Ini diwakili oleh huruf ni atau fi dan digunakan dalam statistik deskriptif untuk mengetahui karakteristiknya dan berapa kali diulang dalam sampel. Selanjutnya jumlah frekuensi absolut yang diperoleh sama dengan jumlah data yang dianalisis, yang diwakili oleh N.

Contoh frekuensi absolut

Untuk lebih memahami konsep ini, mari kita lihat 2 contoh frekuensi absolut.

Contoh variabel diskrit.

Seorang konsultan memutuskan untuk melakukan penyelidikan di sebuah kantor tentang jumlah anak yang dimiliki karyawannya. Setelah menanyakan pertanyaan kepada 20 karyawan, jawabannya adalah sebagai berikut: 0, 2, 2, 0, 3, 1, 1, 2, 3, 1, 0, 2, 3, 4, 3, 4, 2, 0 , 1, 2.

Akibatnya kita memiliki N = 20 (jumlah karyawan yang dievaluasi) dan Xi = variabel acak.

Anak Frekuensi absolut(fi)
0 4
1 4
2 6
3 4
4 2
20

Dari informasi ini, kita dapat mengetahui berapa kali variabel X diulang dalam suatu penyelidikan. Lebih lanjut, kita dapat mengamati bahwa jumlah total frekuensi absolut sama dengan N (jumlah individu).

Contoh variabel kontinu

Bagaimana jika kita ingin mengevaluasi frekuensi absolut dari variabel kontinu? Yaitu, variabel yang memiliki angka eksak di tempat desimal. Maka dalam hal ini, kita harus menggunakan interval.

Misalkan peneliti sekarang memutuskan untuk menilai tinggi dari karyawan suatu organisasi, maka dia berkonsultasi lagi dengan 20 dari mereka, dan memperoleh hasil sebagai berikut: 1,79; 1,90; 1,82; 1,73; 1,66; 1,77; 1,88; 1,71; 1,72; 1,92; 1,84; 1,87; 1,68; 1,78; 1,96; 1,72; 1,76; 1,90; 1,72 dan 1,67

Akibatnya, kita memiliki N = 20 (jumlah karyawan yang dievaluasi) dan Xi = variabel acak.

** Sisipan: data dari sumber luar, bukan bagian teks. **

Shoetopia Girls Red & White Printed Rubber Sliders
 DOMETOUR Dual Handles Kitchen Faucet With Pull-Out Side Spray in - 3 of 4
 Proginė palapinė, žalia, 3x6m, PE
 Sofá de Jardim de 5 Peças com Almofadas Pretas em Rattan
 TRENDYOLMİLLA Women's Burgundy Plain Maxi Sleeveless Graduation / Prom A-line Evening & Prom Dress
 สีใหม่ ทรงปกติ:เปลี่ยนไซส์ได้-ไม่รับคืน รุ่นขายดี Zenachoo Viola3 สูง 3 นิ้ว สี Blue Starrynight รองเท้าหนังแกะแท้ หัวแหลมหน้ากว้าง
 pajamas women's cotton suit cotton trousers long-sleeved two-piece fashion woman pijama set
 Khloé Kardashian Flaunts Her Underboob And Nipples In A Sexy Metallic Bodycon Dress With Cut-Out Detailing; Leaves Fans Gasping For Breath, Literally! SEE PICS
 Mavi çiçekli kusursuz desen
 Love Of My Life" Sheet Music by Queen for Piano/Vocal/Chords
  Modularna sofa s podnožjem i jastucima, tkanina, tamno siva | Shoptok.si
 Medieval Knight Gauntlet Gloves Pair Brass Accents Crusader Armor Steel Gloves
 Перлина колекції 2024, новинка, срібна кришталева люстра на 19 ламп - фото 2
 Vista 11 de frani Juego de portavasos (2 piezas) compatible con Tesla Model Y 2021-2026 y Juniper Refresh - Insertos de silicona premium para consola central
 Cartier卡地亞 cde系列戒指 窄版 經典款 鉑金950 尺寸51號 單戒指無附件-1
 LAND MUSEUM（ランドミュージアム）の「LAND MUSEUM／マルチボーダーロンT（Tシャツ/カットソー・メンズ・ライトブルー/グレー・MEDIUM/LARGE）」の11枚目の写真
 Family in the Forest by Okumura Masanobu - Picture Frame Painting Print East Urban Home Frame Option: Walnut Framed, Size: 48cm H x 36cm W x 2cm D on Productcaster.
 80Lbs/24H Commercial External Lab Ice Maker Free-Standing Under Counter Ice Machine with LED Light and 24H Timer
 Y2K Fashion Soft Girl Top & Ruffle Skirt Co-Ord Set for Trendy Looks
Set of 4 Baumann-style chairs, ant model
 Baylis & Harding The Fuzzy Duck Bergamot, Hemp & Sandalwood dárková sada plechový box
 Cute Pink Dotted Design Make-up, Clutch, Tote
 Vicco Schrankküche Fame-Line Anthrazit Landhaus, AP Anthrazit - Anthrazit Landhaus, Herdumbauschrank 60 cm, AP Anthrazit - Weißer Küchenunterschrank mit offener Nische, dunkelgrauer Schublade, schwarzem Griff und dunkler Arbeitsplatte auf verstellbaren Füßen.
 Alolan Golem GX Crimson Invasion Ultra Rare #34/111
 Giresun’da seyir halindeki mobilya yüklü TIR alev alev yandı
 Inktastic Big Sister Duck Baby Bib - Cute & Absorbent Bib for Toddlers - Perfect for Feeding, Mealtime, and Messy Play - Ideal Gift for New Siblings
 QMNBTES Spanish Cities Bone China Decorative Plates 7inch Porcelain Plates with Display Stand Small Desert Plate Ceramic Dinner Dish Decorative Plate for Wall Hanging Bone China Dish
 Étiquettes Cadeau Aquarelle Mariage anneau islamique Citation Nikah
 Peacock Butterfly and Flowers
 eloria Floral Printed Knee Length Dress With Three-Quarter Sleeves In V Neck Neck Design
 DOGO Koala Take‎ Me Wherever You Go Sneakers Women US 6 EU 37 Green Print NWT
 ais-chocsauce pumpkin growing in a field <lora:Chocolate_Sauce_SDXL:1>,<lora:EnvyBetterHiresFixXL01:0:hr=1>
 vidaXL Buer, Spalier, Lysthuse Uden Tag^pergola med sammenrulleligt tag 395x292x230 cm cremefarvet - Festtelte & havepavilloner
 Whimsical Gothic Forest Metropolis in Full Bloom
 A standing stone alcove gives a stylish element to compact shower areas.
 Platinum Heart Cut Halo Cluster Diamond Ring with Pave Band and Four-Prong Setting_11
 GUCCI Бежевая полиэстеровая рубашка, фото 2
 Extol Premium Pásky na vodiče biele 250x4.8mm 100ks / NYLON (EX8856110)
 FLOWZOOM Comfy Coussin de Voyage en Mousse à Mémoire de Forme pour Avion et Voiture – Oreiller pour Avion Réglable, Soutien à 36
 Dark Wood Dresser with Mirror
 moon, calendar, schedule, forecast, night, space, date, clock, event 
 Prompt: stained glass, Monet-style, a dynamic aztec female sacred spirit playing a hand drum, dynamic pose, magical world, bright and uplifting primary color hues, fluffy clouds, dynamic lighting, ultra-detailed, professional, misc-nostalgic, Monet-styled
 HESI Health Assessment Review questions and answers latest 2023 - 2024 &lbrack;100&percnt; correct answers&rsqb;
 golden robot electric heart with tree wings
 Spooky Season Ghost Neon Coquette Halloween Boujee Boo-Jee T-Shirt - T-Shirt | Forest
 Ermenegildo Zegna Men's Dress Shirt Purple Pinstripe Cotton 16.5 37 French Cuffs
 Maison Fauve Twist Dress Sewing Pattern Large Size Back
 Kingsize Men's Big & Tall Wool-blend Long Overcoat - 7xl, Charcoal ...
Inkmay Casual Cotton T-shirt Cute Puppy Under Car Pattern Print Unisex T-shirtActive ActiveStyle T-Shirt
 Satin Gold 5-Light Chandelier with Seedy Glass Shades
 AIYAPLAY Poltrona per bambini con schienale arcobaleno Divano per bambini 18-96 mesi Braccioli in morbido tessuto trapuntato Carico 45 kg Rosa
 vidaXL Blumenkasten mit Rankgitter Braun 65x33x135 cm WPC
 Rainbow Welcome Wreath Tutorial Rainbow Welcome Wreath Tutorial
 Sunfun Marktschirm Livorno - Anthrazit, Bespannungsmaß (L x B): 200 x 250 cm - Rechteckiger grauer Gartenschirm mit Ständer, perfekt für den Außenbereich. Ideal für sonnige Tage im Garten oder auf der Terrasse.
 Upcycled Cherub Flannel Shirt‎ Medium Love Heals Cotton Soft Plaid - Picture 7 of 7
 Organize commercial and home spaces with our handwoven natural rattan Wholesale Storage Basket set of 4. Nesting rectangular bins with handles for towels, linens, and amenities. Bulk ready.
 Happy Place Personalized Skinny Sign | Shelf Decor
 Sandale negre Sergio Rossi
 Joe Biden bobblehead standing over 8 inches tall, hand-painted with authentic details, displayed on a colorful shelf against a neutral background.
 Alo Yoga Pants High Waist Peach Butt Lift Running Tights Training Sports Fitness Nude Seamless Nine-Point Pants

Tinggi (Xi) Frekuensi absolut (fi)
[1,60 – 1,70) 3
[1,70 – 1,80) 9
[1,80 – 1,90) 4
[1,90 – 2,00) 4
20

Perlu dicatat bahwa, dalam kasus ini, “[” menyertakan nomor dalam interval itu, sedangkan “)” menutup nomor tanpa menyertakannya. Misalnya, jika intervalnya [1,90 – 2,00), tinggi 1,90 akan dimasukkan, sedangkan tinggi 2,00 tidak akan dimasukkan dalam interval.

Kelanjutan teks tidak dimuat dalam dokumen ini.